The plaque on the right side of mine said OVERDRIVE.


 
So on 21 November 1998 I finalised arrangements to purchase that young old 164 for four thousand Canadian dollars, which at that time meant $2,530 American—an amazing exchange rate of 1.581 (today we’re around 1.220). I got on my 1950 Raleigh and headed to my credit onion, who didn’t sell Canadian-dollar cashier’s cheques, but directed me to a bank downtown who would. I pulled the cash out the credit onion and biked down to the bank, who sold me four C$1,000 cashier’s cheques—I think that was a maximum for some reason. Fine, that works; the car’s seller and I had agreed a C$1K deposit with the balance on pickup.

For each of the $1,000 cheques, the teller had to go through each step on their screen while I watched. Eventually I had my four cheques, and I biked back to my apartment. I mailed one of them to the seller, and the other three to my grandfather in Seattle, who had agreed to duck up to Victoria and get the car for me. That all worked out fine, with the minor exception that grandpa’s last handshift car had been whatever came before his new 1956 Plymouth, so it didn’t occur to him there would be any gears available above third.

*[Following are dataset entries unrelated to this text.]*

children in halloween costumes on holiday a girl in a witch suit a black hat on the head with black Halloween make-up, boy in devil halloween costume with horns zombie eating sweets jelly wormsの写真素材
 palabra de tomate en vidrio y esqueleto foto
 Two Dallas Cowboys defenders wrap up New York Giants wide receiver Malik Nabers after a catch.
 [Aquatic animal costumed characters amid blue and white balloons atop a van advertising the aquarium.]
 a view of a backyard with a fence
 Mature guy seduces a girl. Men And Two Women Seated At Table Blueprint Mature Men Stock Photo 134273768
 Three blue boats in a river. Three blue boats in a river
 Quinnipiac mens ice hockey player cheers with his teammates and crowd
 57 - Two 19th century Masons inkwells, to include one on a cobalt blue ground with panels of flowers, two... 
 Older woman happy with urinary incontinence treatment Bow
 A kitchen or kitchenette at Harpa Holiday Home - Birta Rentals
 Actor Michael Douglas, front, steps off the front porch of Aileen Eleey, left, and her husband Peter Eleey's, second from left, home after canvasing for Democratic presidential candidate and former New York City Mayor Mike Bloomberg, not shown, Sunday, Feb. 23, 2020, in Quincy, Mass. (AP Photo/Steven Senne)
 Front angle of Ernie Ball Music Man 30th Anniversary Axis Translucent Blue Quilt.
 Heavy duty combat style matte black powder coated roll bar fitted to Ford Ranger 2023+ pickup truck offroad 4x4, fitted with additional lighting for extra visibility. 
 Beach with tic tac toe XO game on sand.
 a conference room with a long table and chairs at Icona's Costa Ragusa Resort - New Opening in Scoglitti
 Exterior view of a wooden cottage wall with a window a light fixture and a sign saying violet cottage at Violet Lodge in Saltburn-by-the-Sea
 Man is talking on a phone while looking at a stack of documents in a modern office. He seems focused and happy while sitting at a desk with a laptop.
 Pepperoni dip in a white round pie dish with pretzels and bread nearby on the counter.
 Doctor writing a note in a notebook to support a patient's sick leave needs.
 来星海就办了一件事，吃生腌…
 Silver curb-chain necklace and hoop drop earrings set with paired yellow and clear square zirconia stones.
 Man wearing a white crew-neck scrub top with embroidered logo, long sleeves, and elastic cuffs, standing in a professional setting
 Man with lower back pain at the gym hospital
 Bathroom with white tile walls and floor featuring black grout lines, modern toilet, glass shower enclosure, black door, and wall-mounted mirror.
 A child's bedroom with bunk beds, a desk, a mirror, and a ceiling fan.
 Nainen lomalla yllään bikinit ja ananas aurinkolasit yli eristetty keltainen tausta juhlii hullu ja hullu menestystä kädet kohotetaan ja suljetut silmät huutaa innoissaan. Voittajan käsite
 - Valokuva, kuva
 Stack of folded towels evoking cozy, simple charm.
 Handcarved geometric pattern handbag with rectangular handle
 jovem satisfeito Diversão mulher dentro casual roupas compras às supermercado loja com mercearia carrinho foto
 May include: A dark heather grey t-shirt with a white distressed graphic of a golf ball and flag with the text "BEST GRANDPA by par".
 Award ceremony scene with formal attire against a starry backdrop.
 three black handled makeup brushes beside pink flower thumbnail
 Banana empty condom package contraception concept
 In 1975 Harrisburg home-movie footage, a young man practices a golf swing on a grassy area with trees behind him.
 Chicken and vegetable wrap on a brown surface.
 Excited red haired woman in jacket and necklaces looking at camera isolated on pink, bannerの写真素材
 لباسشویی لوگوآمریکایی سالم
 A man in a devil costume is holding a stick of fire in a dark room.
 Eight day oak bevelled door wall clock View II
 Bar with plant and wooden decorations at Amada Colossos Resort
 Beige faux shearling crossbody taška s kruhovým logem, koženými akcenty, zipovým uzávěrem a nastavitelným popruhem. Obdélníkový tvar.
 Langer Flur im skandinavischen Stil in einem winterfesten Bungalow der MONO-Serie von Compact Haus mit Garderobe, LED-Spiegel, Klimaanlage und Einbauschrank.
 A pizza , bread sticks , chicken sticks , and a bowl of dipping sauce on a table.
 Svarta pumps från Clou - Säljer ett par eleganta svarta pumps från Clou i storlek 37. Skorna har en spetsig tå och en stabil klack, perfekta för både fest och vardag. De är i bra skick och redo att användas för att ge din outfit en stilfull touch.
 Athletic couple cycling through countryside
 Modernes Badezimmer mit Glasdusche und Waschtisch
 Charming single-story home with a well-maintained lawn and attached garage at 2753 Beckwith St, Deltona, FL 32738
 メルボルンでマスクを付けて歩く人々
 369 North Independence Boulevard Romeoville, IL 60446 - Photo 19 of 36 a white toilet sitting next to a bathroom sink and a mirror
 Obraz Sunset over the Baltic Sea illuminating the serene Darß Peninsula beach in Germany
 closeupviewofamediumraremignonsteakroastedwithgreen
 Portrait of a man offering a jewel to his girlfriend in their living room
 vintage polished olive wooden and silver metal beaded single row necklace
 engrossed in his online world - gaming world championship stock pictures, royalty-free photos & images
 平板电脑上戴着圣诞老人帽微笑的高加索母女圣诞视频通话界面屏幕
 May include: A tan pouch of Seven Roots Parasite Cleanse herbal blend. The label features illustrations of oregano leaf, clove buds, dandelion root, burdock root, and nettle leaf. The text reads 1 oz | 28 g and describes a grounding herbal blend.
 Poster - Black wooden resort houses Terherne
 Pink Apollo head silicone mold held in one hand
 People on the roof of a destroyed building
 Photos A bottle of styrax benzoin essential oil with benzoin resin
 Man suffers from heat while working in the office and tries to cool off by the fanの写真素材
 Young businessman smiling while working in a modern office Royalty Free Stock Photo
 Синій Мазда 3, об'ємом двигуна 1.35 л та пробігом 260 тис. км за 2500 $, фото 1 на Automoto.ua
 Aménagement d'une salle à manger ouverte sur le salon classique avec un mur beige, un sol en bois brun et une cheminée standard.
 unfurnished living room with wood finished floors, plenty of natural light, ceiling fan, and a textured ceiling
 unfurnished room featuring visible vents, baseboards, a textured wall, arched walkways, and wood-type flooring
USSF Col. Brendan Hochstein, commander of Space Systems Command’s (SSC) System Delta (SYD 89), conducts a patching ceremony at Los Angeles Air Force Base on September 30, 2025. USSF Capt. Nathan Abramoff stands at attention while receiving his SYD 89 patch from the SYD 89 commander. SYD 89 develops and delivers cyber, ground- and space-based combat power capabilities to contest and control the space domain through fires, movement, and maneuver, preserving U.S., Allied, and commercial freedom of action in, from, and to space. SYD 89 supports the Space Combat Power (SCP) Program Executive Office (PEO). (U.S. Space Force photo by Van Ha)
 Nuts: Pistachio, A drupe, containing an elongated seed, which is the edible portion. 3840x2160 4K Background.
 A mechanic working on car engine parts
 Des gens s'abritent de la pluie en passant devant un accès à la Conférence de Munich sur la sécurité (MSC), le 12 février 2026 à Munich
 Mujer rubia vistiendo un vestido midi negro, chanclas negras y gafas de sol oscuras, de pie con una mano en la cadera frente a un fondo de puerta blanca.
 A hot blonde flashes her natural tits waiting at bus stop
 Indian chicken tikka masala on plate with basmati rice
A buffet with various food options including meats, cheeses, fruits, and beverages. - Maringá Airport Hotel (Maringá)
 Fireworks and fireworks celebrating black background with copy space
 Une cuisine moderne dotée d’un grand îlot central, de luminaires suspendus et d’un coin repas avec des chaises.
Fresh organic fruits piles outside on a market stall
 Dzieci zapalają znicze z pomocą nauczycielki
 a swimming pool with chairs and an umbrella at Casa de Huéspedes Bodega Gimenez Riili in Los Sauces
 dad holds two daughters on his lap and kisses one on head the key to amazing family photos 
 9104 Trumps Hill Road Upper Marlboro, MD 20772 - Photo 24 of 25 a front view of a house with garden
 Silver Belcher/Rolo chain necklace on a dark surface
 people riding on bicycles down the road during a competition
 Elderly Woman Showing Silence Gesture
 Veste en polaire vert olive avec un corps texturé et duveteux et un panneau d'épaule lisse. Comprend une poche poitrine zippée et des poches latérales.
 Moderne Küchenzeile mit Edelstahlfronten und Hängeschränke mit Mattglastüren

I don’t recall his getting much of any hassle from the border guards on his way in.

These bolt-on, gasketed hubcaps are most protective.


 
The bought-and-paid car had been parked in grandpa’s driveway for about a week or maybe ten days when I got a call from the branch manager at the bank where I’d got the cheques. They’d made a mistake on those cheques they’d sold me, they said, and wanted me to please come down to the bank to talk it over. They’d applied the buying exchange rate rather than the selling exchange rate on those Canadian dollars they’d sold me, they said. So I owed them more money, they said.

Big, clunky American-spec side marker lights.


 
I had a hard time swallowing that idea, no matter how small bits I cut it up into. I put a hypothetical to the branch manager: suppose it had gone the other way, and you’d overcharged me. Would you have called me in to come get my refund? Answer: That’s not the situation at hand here. Oh, uh-huh. And what was the disposition of those four cheques you sold me? What was their status? We honoured them when they were presented. So the transaction was all the way finished, and I saw no reason to change that. I walked out the bank, extra-happy with my decision to be a credit onion member instead.